Microservice Architecture: Decomposition Strategies, Project Types, and Common Challenges

If you are designing a large concurrent application or planning to refactor an existing legacy system, microservice architecture is often the first consideration.

Microservices build applications as a series of loosely coupled services to accelerate software development through continuous delivery and flexible deployment.

Why Decomposition Is Important

Facilitates division of labor and knowledge sharing, allowing multiple individuals or teams with specialized expertise to collaborate efficiently.

Clarifies how multiple components interact with each other.

Two Types of Projects Under Microservices

Brownfield projects – developing and deploying new software within the context of existing or legacy systems, such as converting a monolith to microservices.

Greenfield projects – building a brand‑new system from scratch without any legacy constraints.

1. Decomposition by Business Capability

One strategy for creating a microservice architecture is to split services based on business capabilities.
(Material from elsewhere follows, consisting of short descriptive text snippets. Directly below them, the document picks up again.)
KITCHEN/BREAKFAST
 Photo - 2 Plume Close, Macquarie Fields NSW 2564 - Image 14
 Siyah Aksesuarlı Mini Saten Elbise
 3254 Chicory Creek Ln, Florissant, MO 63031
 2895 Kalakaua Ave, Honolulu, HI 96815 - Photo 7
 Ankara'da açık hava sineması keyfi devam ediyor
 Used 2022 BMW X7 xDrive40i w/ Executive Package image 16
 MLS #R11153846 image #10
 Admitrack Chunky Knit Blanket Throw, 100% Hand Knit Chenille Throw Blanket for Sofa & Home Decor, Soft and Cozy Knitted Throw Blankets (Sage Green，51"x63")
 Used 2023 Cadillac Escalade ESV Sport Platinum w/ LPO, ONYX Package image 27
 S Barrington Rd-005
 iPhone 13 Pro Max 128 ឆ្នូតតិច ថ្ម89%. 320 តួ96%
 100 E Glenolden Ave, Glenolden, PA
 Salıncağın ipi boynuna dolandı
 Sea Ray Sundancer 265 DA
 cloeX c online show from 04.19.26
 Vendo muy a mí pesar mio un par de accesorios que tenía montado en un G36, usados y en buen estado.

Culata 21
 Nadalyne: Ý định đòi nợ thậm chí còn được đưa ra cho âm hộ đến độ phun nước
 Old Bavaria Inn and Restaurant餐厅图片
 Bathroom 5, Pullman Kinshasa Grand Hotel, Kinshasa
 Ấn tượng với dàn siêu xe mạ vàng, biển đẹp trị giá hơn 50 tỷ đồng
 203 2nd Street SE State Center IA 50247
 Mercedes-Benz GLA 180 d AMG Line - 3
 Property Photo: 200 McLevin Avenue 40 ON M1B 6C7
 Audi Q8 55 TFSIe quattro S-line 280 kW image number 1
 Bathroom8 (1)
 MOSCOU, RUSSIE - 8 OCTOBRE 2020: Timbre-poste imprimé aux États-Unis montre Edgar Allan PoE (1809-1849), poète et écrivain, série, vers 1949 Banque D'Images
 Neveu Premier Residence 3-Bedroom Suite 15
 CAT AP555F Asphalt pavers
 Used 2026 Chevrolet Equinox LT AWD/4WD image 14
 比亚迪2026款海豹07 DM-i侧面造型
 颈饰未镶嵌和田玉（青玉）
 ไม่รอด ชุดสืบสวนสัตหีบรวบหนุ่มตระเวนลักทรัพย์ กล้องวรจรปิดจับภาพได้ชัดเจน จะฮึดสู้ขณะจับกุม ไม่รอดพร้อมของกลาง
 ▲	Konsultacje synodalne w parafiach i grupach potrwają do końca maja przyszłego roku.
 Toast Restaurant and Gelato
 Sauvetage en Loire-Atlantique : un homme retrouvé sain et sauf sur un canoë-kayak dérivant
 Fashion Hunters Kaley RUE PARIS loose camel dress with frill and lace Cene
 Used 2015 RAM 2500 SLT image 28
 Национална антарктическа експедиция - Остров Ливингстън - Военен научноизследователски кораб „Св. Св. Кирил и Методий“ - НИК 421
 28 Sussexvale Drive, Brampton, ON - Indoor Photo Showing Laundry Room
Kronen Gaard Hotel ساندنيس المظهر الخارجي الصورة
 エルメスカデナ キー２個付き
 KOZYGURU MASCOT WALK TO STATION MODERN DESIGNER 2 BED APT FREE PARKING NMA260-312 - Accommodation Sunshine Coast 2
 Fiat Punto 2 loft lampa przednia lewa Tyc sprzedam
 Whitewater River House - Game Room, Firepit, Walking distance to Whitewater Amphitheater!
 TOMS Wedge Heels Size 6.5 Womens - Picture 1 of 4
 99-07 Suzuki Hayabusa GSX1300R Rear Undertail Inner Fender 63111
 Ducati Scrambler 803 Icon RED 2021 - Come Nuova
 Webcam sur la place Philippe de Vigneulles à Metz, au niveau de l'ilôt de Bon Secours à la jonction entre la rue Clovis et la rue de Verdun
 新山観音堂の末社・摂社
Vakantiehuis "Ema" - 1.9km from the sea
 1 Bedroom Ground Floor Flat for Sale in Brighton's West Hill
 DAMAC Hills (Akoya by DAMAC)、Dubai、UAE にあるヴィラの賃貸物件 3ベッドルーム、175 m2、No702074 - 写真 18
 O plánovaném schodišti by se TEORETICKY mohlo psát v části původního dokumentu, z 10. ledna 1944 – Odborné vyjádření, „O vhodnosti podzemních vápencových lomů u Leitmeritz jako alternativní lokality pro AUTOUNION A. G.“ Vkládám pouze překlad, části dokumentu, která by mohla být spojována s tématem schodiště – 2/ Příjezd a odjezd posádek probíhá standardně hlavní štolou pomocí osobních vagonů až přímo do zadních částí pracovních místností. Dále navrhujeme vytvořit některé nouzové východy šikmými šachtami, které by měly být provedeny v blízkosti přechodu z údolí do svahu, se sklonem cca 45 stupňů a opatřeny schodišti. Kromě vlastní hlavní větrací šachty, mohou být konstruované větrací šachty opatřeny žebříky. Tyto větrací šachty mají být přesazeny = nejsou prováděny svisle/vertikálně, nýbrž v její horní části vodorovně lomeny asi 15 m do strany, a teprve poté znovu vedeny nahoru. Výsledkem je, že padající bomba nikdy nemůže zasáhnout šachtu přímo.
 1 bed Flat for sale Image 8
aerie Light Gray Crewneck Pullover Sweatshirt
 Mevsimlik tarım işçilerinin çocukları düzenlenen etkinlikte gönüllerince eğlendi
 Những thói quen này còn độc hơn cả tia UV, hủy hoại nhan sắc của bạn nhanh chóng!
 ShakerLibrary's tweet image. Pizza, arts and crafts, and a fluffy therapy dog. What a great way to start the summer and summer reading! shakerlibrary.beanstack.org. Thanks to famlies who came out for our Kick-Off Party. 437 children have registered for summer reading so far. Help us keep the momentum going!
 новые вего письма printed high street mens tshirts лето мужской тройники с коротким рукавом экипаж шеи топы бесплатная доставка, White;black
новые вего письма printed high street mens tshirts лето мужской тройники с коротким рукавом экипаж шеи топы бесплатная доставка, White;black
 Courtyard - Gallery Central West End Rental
For example, an e‑commerce platform may separate order management, inventory, payment, and shipping.

Business capabilities tend to be stable, making the underlying logic stable as well.

Development teams become cross‑functional, autonomous, and organized around delivering business value rather than technical features.

Services are loosely coupled yet highly cohesive.

2. Decomposition by Sub‑Domain (Domain‑Driven Design)

Domain‑Driven Design (DDD) defines separate domain models for each sub‑domain, each belonging to a bounded context that contains the code implementing that model.

Core – the most differentiating and valuable part of the business, such as core pricing or quotation systems.

Supporting – not a differentiator but necessary for business operations, often implemented internally or outsourced.

Generic – not specific to the business and best implemented with off‑the‑shelf solutions.

Sub‑domains are relatively stable, leading to a stable architecture.

Teams are cross‑functional, autonomous, and focused on delivering business value.

Services remain loosely coupled and cohesive.

3. Challenges When Breaking a Monolith into Microservices

Network latency – distributed systems introduce additional round‑trips between services, which can affect performance.

Data consistency – each service typically owns its own database, making cross‑service data consistency difficult.

God class – overly large, all‑knowing classes that centralize logic and become hard to maintain.

4. The Strangler Pattern

When migrating a legacy monolith to a microservice architecture, the Strangler pattern is used: new services replace specific functionalities incrementally, and once a new service is ready, the old component is retired.